Prima di ritracciare durante la giornata, ieri il prezzo del petrolio è arrivato ai massimi da novembre 2014 mentre il prezzo della benzina ha sorpassato i massimi degli ultimi tre anni alla vigilia della stagione estiva. La notizia di giornata è il mancato accordo tra i membri Opec che mette in forse un aumento concordato della produzione in un mercato che comincia a essere tirato. Questo è solo l’ultimo episodio di una corsa che dura da molti mesi e che ha portato il prezzo del petrolio molto oltre le aspettative di recupero di sei mesi fa. La vicenda ha almeno due risvolti.



Settimana scorsa la Banca europea per la ricostruzione e lo sviluppo ha annunciato che non finanzierà più progetti di ricerca di idrocarburi, sia petrolio che gas. Le major petrolifere occidentali non possono aumentare gli investimenti, né continuare a investire come in passato per rispettare gli obiettivi di riduzione della CO2 e gli obiettivi climatici. L’offerta di idrocarburi in uno scenario di domanda crescente è destinata a incontrare molte difficoltà. 



L’Unione europea sta ancora decidendo se l’energia nucleare verrà inserita nella lista delle risorse energetiche verdi. Le ultime notizie e la presa netta di posizione di diversi Paesi membri, tra cui la Francia, fanno pensare che la risposta sarà affermativa. Il problema è che costruire nuova capacità nucleare in Europa è molto difficile e richiede moltissimo tempo anche se è il complemento naturale delle fonti rinnovabili. A chi non ha il nucleare e non vuole usare più gli idrocarburi non rimane che spingere al massimo sulle rinnovabili che però hanno due difetti: costano tanto e non sono affidabili perché i progetti di immagazzinamento dell’energia sono ancora immaturi e lo saranno per un paio di decenni. Chi produce petrolio farà buon viso a cattivo gioco potendo contare su prezzi in salita, per i consumatori e le imprese invece i problemi rimangono.

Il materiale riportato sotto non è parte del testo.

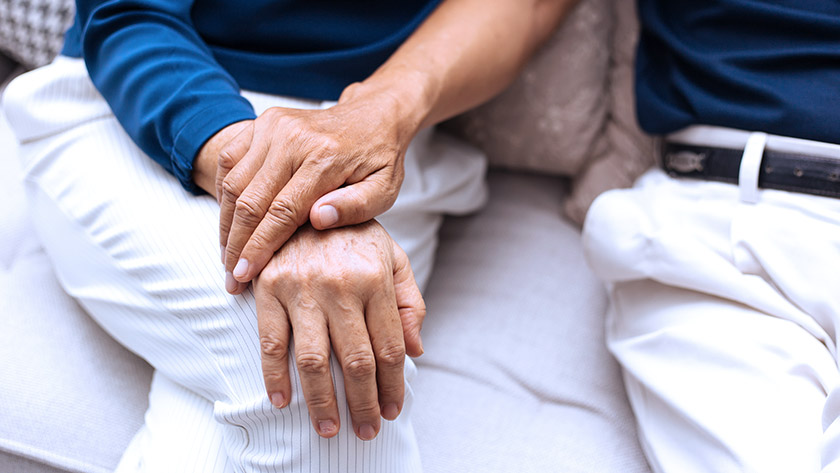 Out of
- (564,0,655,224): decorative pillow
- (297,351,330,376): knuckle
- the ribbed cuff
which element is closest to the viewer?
(297,351,330,376): knuckle

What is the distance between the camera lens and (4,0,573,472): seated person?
58 cm

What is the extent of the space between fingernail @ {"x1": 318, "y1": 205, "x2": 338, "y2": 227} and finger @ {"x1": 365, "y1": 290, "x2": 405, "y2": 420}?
9cm

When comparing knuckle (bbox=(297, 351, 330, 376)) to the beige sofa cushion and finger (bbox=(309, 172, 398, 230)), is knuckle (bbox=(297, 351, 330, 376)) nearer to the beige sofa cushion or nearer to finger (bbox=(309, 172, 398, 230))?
finger (bbox=(309, 172, 398, 230))

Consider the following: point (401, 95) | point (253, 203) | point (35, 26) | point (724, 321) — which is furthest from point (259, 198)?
point (35, 26)

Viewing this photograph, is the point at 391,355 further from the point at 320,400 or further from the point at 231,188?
the point at 231,188

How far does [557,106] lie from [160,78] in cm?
65

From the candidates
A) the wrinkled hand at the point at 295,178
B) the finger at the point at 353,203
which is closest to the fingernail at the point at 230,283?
the wrinkled hand at the point at 295,178

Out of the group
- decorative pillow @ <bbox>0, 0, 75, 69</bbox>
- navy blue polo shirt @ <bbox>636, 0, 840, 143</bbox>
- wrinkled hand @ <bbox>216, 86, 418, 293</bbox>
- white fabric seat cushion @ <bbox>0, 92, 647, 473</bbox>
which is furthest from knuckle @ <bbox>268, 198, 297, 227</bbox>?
decorative pillow @ <bbox>0, 0, 75, 69</bbox>

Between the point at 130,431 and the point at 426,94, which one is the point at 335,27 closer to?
Answer: the point at 426,94

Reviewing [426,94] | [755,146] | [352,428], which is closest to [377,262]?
[352,428]

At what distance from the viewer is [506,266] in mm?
1019

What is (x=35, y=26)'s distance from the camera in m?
1.08

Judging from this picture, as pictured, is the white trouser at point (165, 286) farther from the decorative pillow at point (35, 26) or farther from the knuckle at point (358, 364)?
the decorative pillow at point (35, 26)

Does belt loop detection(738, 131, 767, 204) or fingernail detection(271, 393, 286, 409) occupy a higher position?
belt loop detection(738, 131, 767, 204) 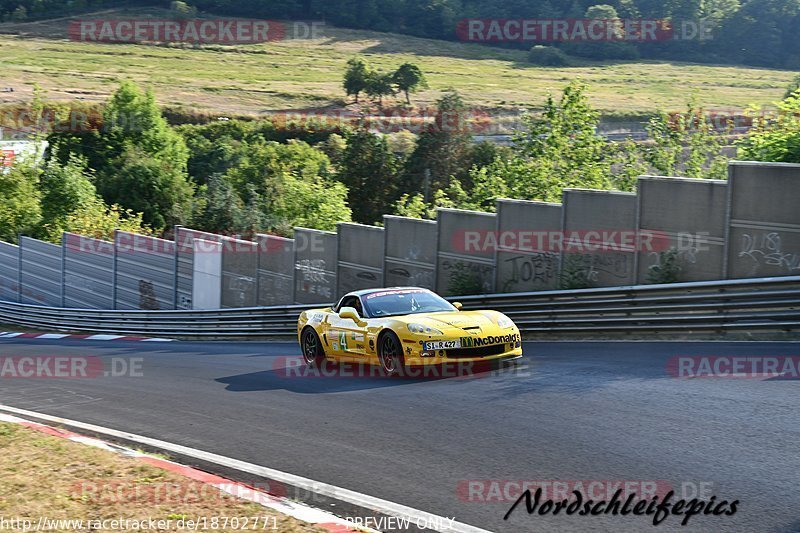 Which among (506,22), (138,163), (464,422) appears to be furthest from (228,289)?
(506,22)

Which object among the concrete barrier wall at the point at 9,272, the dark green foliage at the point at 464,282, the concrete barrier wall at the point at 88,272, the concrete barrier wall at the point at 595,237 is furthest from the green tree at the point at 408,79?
the concrete barrier wall at the point at 595,237

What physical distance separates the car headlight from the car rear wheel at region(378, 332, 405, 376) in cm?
30

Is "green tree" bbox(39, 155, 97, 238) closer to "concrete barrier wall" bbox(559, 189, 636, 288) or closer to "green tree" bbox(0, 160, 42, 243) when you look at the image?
"green tree" bbox(0, 160, 42, 243)

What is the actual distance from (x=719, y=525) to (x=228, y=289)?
24383mm

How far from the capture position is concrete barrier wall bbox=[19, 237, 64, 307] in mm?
38812

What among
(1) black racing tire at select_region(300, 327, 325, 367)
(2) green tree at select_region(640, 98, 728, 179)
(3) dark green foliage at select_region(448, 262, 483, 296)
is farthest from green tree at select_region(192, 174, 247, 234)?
(1) black racing tire at select_region(300, 327, 325, 367)

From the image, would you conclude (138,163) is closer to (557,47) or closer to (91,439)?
(91,439)

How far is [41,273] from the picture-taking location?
132ft

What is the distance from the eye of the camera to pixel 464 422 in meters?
9.79

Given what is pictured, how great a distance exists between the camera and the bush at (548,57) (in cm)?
12638

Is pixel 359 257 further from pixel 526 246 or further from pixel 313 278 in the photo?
pixel 526 246

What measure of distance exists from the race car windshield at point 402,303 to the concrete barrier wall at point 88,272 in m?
23.3

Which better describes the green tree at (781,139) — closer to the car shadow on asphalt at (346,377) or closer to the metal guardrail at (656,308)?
the metal guardrail at (656,308)

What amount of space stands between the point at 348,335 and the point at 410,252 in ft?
25.0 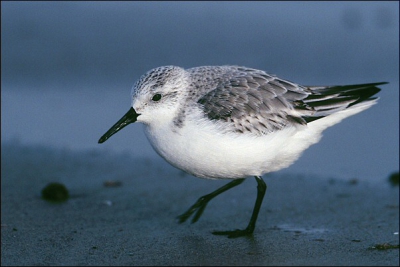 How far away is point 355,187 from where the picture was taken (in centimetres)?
680

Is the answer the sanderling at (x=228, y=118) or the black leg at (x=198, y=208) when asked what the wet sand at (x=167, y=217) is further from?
the sanderling at (x=228, y=118)

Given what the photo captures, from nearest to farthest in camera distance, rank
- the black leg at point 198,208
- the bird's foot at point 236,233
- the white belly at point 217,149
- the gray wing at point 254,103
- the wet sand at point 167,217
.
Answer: the wet sand at point 167,217
the white belly at point 217,149
the gray wing at point 254,103
the bird's foot at point 236,233
the black leg at point 198,208

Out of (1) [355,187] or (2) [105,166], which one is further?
(2) [105,166]

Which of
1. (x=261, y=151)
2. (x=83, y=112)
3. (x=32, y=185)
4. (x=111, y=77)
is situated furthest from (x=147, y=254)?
(x=111, y=77)

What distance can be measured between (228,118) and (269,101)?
15.8 inches

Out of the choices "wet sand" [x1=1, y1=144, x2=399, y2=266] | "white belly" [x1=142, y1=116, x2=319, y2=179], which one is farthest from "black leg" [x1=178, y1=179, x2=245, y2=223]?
"white belly" [x1=142, y1=116, x2=319, y2=179]

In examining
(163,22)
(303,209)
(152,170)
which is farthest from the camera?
(163,22)

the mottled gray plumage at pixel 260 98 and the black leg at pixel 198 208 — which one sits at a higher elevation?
the mottled gray plumage at pixel 260 98

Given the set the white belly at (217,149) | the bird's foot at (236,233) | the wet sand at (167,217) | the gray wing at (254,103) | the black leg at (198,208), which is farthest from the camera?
the black leg at (198,208)

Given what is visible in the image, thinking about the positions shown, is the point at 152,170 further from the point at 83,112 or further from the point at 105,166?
the point at 83,112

La seconda questione è che gli idrocarburi sono il principale motore dell’inflazione e incidono direttamente o indirettamente sui prezzi come nessun’altra materia prima essendo alla base della maggioranza dei prodotti che usiamo tutti i giorni. In teoria saremmo in uno scenario deflattivo non solo perché usciamo da una recessione dura; il crollo delle nascite è una spinta deflattiva sia nel breve che nel medio-lungo termine. I mercati si reggono sulla convinzione che le banche centrali accetteranno un po’ di inflazione pur di non compromettere la ripresa e la stabilità finanziaria; questo vale solo fino a un certo punto e soprattutto nessuno è sicuro di quale sia il livello di rialzo dei prezzi “accettabile” dalle banche centrali. Se l’incremento dei prezzi, per esempio via risalita dei beni energetici, dovesse far cambiare idea alle banche centrali, per i mercati si aprirebbero degli scenari sconosciuti. Dovrebbero incorporare attese di rialzo dei tassi che oggi sono rimandate oltre l’orizzonte temporale delle preoccupazioni degli investitori. Dato che i debiti pubblici e privati sono molto più alti di due anni fa e molti settori sono ancora in piena convalescenza, un rialzo dei tassi avrebbe effetti molto maggiori e porterebbe ondate di volatilità sui mercati. 

Il prezzo del petrolio, e quello delle altre materie prime, quindi, deve essere monitorato molto attentamente non solo perché pesa sui consumatori e sulle imprese, ma perché potrebbe essere la scusa, giusta o meno non importa, per cambiare le politiche delle banche centrali. I mercati non sembrano pronti a un cambiamento di questo tipo.